#### WORK TO BE COMPLETED
Every line of the material below needs to be copied exactly; omit the pictures.

#### DATA SECTION
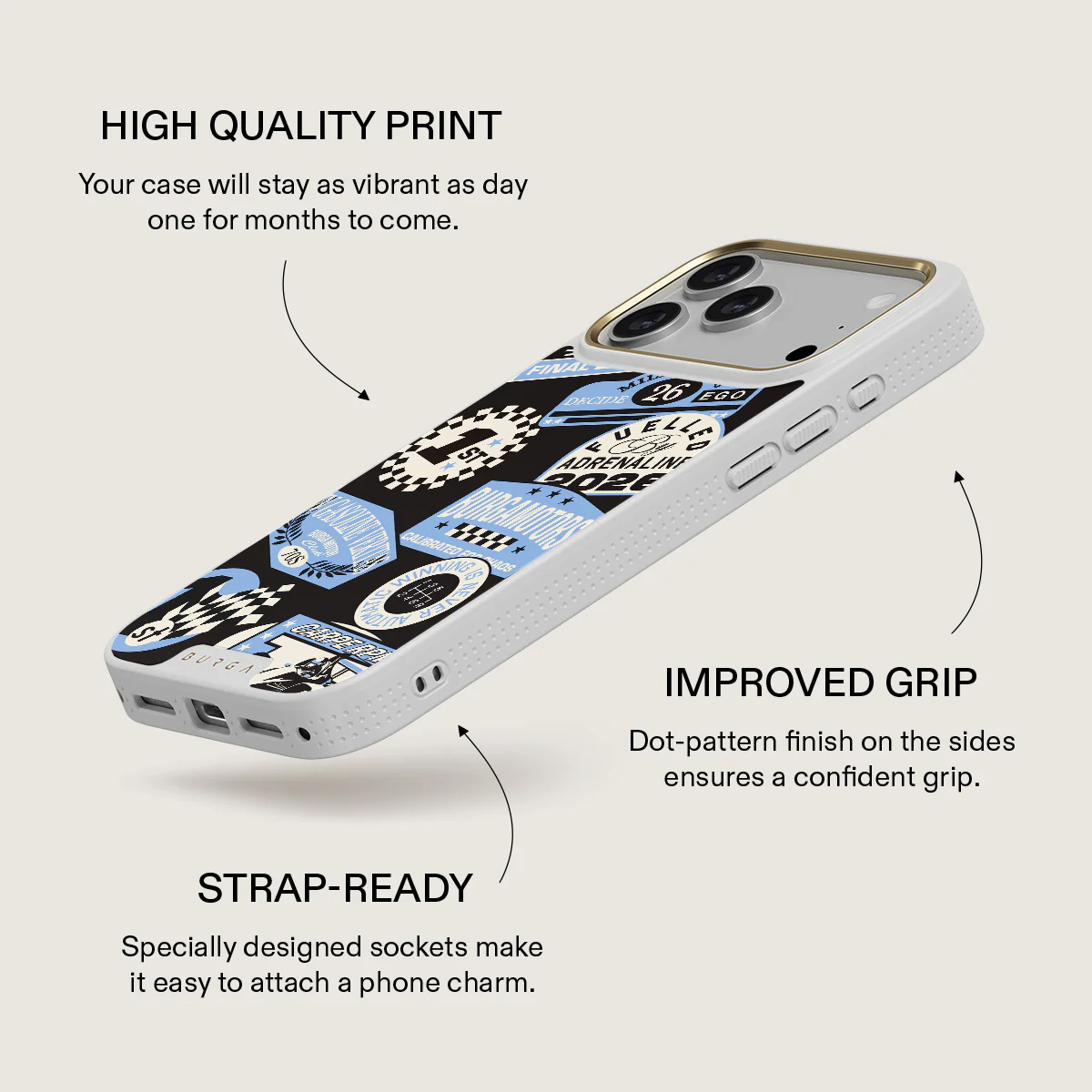 Finish Line - iPhone 17 Pro Max Case - Image 23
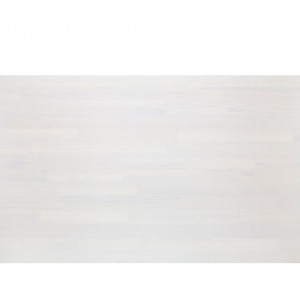 Blat de masa Home Affaire, lemn, alb, 188 x 69 x 3,5 cm
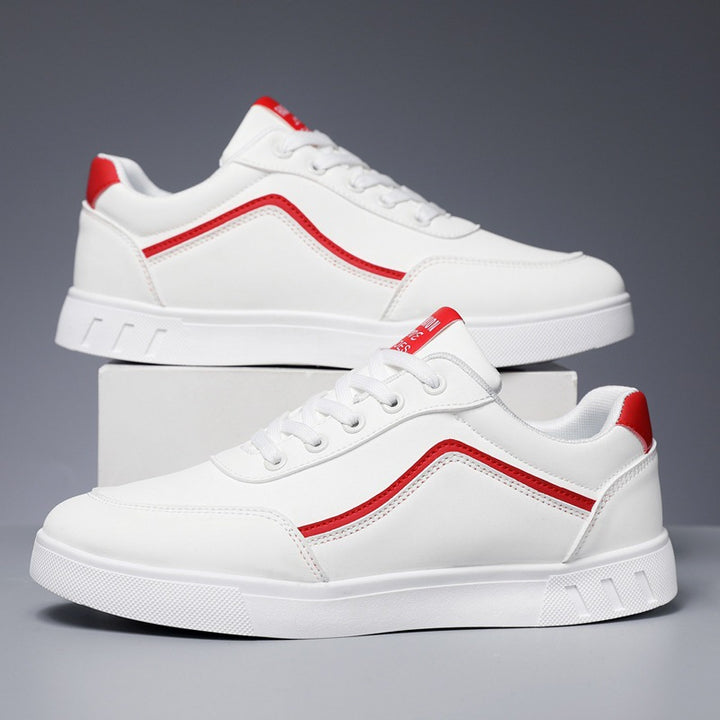 Men's Sporty Sneakers with Cushioned Sole Mune Fashion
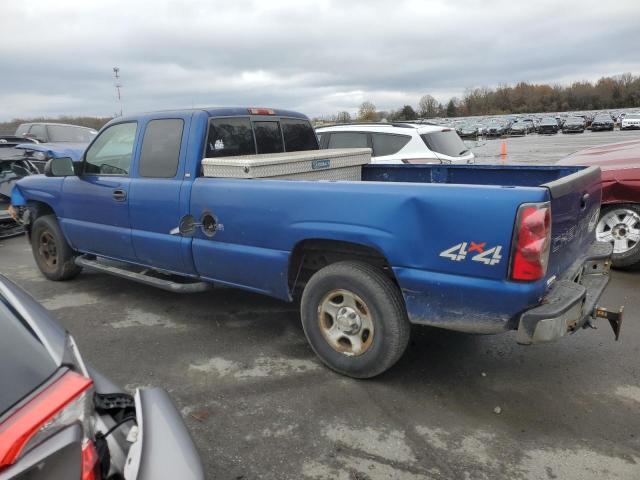 1GCEK19T94E322390 - 2004 CHEVROLET SILVERADO K1500 BLUE photo 2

#### EXPECTED OUTPUT
 Finish Line - iPhone 17 Pro Max Case - Image 23
 Blat de masa Home Affaire, lemn, alb, 188 x 69 x 3,5 cm
 Men's Sporty Sneakers with Cushioned Sole Mune Fashion
 1GCEK19T94E322390 - 2004 CHEVROLET SILVERADO K1500 BLUE photo 2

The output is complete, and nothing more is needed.